80 A. 614, 115 Md. 36, 1911 Md. LEXIS 119
CourtCourt of Appeals of Maryland
DecidedFebruary 3, 1911
StatusPublished
Cited by3 cases

This text of 80 A. 614 (Kensington Rwy. Co. v. Moore) is published on Counsel Stack Legal Research, covering Court of Appeals of Maryland primary law. Counsel Stack provides free access to over 12 million legal documents including statutes, case law, regulations, and constitutions.

Bluebook
Kensington Rwy. Co. v. Moore, 80 A. 614, 115 Md. 36, 1911 Md. LEXIS 119 (Md. 1911).

Opinion

Thomas, J.,

delivered the opinion of the Court.

In 1894, the Chevy Chase and Kensington Electric Rail1 way Company of Montgomery County, Maryland, proposing to build an electric road from Chevy Chase Lake to Kensington, in Montgomery County, obtained from Alfred Ray and his wife, who owned a farm or tract of land containing four hundred and sixty acres, more or less, the following deed:

“This indenture, made this thirteenth day of September, 1894, between Alfred Ray and Eleanor Ray, his wife, of the first part and the Chevy Chase and Kensington Electric Railway Company of' Montgomery County, Maryland, of the second part:
“Witnesseth, that the said parties of the first part, of the State of Maryland and county of Montgomery, the subscriber hereto, in consideration that the Chevy Chase and Kensington Electric Railwáy Company, does locate its railway through, in and upon lands owned by the said" party of the first part in Montgomery County, State of Maryland, and in further consideration of the sum of one dollar to us in hand paid by the said party of the second part, the receipt whereof is hereby acknowledged, do hereby grant, bargain, sell, covenant and convey to the said party of the second part, its agents, attorneys, successors or assigns, a strip of land twenty-five feet in width, and such additional width as may be required in the construction and use of said railway at cuttings and embankments and also for side-tracks and turn-outs, as the same shall be finally locatéd and extending in length as far as the said railway shall pass over said lands; together with the right to direct and bridge streams of water for railway purposes and to take and use any stone or timber or other materials within the limits of said strip *38 of land. The land hereby conveyed is particularly described as follows,” etc., etc.:

The land of which the right of way described in said deed was a part was conveyed, in 1908, to the National Savings and Trust Company, one of the appellees,. and it is alleged in the bill and admitted' in the answer filed in the case, that Clarence Moore, the other appellee, is the equitable owner thereof.
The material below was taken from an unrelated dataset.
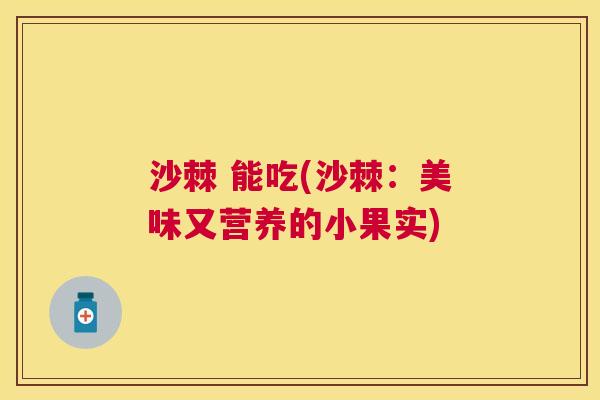 沙棘 能吃(沙棘:美味又营养的小果实)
The road, with a turnout and sidetrack two hundred feet “long from switch point to switch point,” and about sixty “feet between clearance points,” was located and constructed on the land described in said deed from Ray and wife, and was completed in 1894.

At the time the appellees became the purchasers of the Ray farm, there had been no change in the location of the road or turnout and sidetrack, and they remainded as originally constructed from 1894 until sometime in 1909 or 1910, when the appellant, as the assignee of the property, rights, etc., of the Chevy Chase and Kensington Railway Company of Montgomery County, and with the view of extending the road and providing for additional business, began the construction of another turnout and sidetrack on the farm of the appellees, outside of and “adjoining the twenty-five foot strip of land conveyed by said deed from Alfred Ray.”

The bill was filed in the Court below to enjoin the construction of another turnout and sidetrack on the appellees’ land, and the. appeal in this case is from the decree of that Court granting the injunction.

The record presents but one important question, and its solution depends upon the proper construction of the deed from Alfred Ray and wife, and. particularly of that part of the deed which describes the subject of the grant as “a strip of land twenty-five feet in width, and such additional width as may be required in the construction and use of said railway at cuttings and embankments and also for sidetracks and turnouts, as the same shall be finally located,” etc. Whether *39 the word “same” refers to the track of the railway, or to the turnouts and sidetracks, or to the track and turnouts and sidetracks, can make no difference, for in either case the grant, so far as it relates to the turnouts and sidetracks, is of so much land, in addition to the twenty-five feet strip, as may he required “for sidetracks and turnouts, as the same (the track, the sidetracks and turnouts, or the track and sidetracks and turnouts), shall he finally located,” and the important inquiry is as to the meaning of the words “finally located.”

The significance of the term “locate” depends somewhat upon the connection in which it is used. When referring to roads it may mean the determination and designation, by those authorized to do so, of the precise place where the road is to be built, or it may mean the actual construction of the road. Bucksport & Bangor v. Brewer, 67 Maine, page 300; N. & N. W. R. R. Co. v. Jones & Baker, Adm'rs., 42 Tenn. (2 Coldwell’s) 574, and cases cited on pages 4217, 4218 and 4221 of Volume 5 of Words and Phrases. The final location of a road is, therefore, the final determination of the place where the road is to bq built or the actual construction of the road.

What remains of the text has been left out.